Jewgeni Prigoschin, Chef der Söldnertruppe Wagner, an einem unbekannten Ort während einer Erklärung per Video. Prigoschin hat Russlands Verteidigungsminister Sergej Schoigu mehrfach scharf attackiert. (Archivbild)

Wagner-Chef Prigoschin schießt erneut gegen den Kreml. Ein russischer Militärblogger prophezeit Putin derweil eine „zwangsläufige Niederlage“.

Der Chef der russischen Söldnergruppe Wagner hat Moskau vorgeworfen, die Menschen in Russland über den Verlauf der ukrainischen Offensive zu belügen. „Sie führen das russische Volk in die Irre“, sagte Jewgeni Prigoschin in einer am Mittwoch von seinen Sprechern veröffentlichten Sprachnachricht. „Große Gebiete sind an den Feind abgegeben worden“, fügte er hinzu.

Wagner-Chef Jewgeni Prigoschin wirft Moskau Lügen vor: „Sie führen das russische Volk in die Irre“

Kiew hatte Anfang Juni eine Gegenoffensive im Süden und Osten der Ukraine gestartet, um im vergangenen Jahr verlorene Gebiete zurückzuerobern. Russlands Präsident Wladimir Putin hat wiederholt behauptet, dass die ukrainische Offensive fehlschlage. Doch Wagner-Chef Prigoschin, dessen Söldner seit Monaten Angriffe auf Städte in der Ostukraine angeführt haben, beschuldigte das Verteidigungsministerium, nicht die Wahrheit zu erzählen.

Eine Reihe von Dörfern, darunter Pjatychatky, seien verloren gegangen, sagte Prigoschin und verwies auf fehlende Waffen und Munition. Seinen Angaben zufolge haben ukrainische Truppen auch schon versucht, den Fluss Dnipro zu überqueren, eine natürliche Barriere an der Front. „All dies wird vor allen total versteckt“, sagte der 62-Jährige. „Eines Tages wird Russland aufwachen, nur um zu entdecken, dass auch die Krim an die Ukraine übergeben wurde“, mahnte er.

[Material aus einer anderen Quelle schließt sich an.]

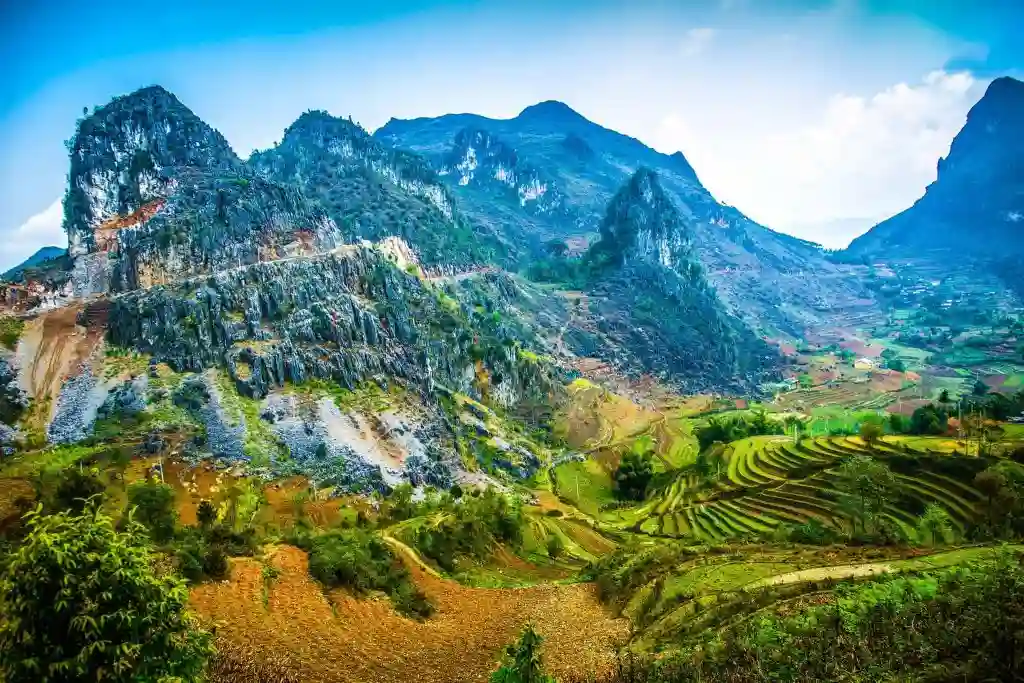 Ha Giang vs Sapa trekking: which destination fits your walk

Jewgeni Prigoschin gilt als Vertrauer von Wladimir Putin – kritisiert aber dennoch den Kreml

Prigoschin, der als Vertrauter Putins gilt und in der Vergangenheit bereits den Spitznamen „Putins Koch“ verpasst bekommen hatte, meldet sich seit Monaten mit Kritik am russischen Verteidigungsministerium zu Wort. Die Angaben des Wagner-Chefs gelten bei westlichen Experten als wenig zuverlässig und eigennützig. Immer wieder wurden Prigoschin politische Ambitionen nachgesagt.

Zuletzt hatte sich der Söldnerchef vor allem davon verärgert gezeigt, dass alle russischen Söldnereinheiten bis zum 1. Juli einen Vertrag mit dem russischen Verteidigungsministerium unterschreiben sollen, Prigoschin lehnt das strikt ab.

Nicht die einzige Warnung aus Russland: Militärblogger fordert Strategiewechsel von Wladimir Putin

Mit der Warnung vor einer erfolgreichen ukrainischen Gegenoffensive ist der Wagner-Chef unterdessen nicht allein. Auch der russische Nationalist und Militärblogger Igor Girkin erneuerte zuletzt seine bereits mehrfach vorgebrachte Kritik am Kurs Moskaus.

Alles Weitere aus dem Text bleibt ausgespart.